A friend of me is building an 1913 Delivery. Now he is looking for pictures of the [front] Cuchion,the Backrest and the Firewall. He is also interested in what kind of rear fenders Henri used on the 1913 Delivery.If you have some pictures he will be very happy !!!
All the best from Holland
The only delivery cars Ford built during the T era were 1912 models. All others were aftermarket built on Ford chassis and the cushions and backrests varied. John Regan has the only two original bodied 1912 Ford "pie wagons" that has survived (?) and some pictures can be seen in older threads like this one:
Unless your friend is on the small side, I would suggest making the seating position fit, rather than making it "correct". Most original Ts are cramped for modern drivers. The second van body I built like my Haighs chocolate van had the seat back moved 3" back to make it more comfortable to drive. On my 1917 shooting brake, I even made the backrest angle adjustable.
Hope this helps.
Allan from down under.
Anthonie, I don't know if this will help you, but this is a link to my delivery building project.
Ford sold 513 remaining delivery cars in FY 1913. They were all supposedly left over 1912 models, which would have little meaning to a customer who needed one.
I can't quite make out what it says on the side of the delivery car???
My Russian is very rusty but it looks to be an ice cream truck. Cossack Custard 1/2 Kopek. Capitalist Pig Pistachio 1 Ruble (market prices you know!)
I do recognize the word "Gargoyle" on the top line.
Constantine should be able to sort it out for us.
Maybe Greek? On closer inspection, that is a picture of a gallon oil can on the side of the truck, also with the Mobiloil Gargoyle logo.
The first four Cyrillic characters under the traditional Ford delivery car decal and on the hood top spell the word "Ford". In both cases the fifth Cyrillic character has no sound and emphasizes the fourth character "D".
Notice the same Cyrillic characters on this Harbin Ford dealership sign above the building on the left.
Ron the Coilman
Notice too the American flag atop the building.
The last of the deliveries had the newer one piece firewall, like a late '12, and even had black and brass lights.

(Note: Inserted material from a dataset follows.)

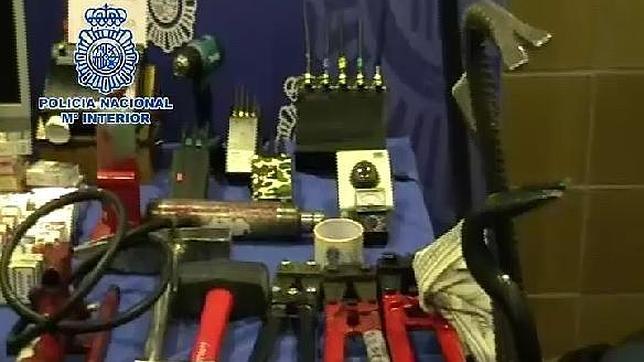 La falta de medios judiciales deja escapar un botín millonario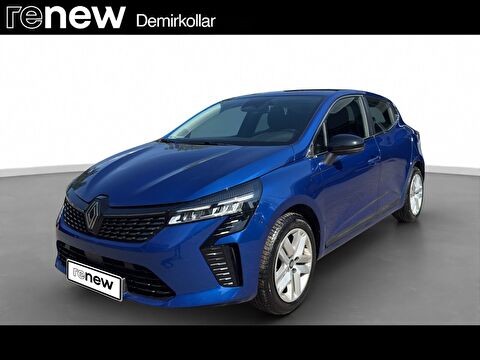 renault, clio, 1.0 tce evolution x-tronic, otomatik, benzin 2.el otomobil | renew 1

I believe Royce's picture of the Delivery is in St. Petersburg sometime in May 1912(?)...don't forget Imperial Russia was using the Julian calendar which is two weeks behind.
The Imperial Russian War Department put on an endurance run of 2930 versts distance over rough roads. There were 45 entrants, Ford entered a touring and there were cars entered by White, Mercedes, Charron, Benz, Napier. The T was the only car to finish without a penalty, helped by it's light weight.
There was also a T Delivery in the run that carried oil and gas for all the entrants.
On the side of the Delivery is written "Automotive oils and grease", "Vacuum Oil Company". It's written in pre-reform Russian; again after the Revolution major changes were made to how Russian was written. This is why "Ford" is written with 5 letters in the 1912 photo, and only 4 letters in 1920s Harbin (China) photo. After the Revolution more than 100,000 defeated Russian White Guards and refugees retreated to Harbin.
In today's post 1918 modern Russian "Ford" is pronounced "FORT", in Russian the letter "D" at the end of a word is "softened" unless it's followed by the hard symbol. Pre 1918 Russian the word "Ford" did have the hard symbol at the end which kept the "D" hard. Why did the reforms get rid of most hard symbol at the end of words? Quickly say "fort" and "ford"...which is easier to say clearly and quickly?
Also note in the background of the Harbin photo there's a sign the says "Chevrolet". Ford and Chevrolet did not have dealers in Russia (USSR), again 1920s Harbin was controlled by the Republic of China until the Japanese invasion in the early 30s.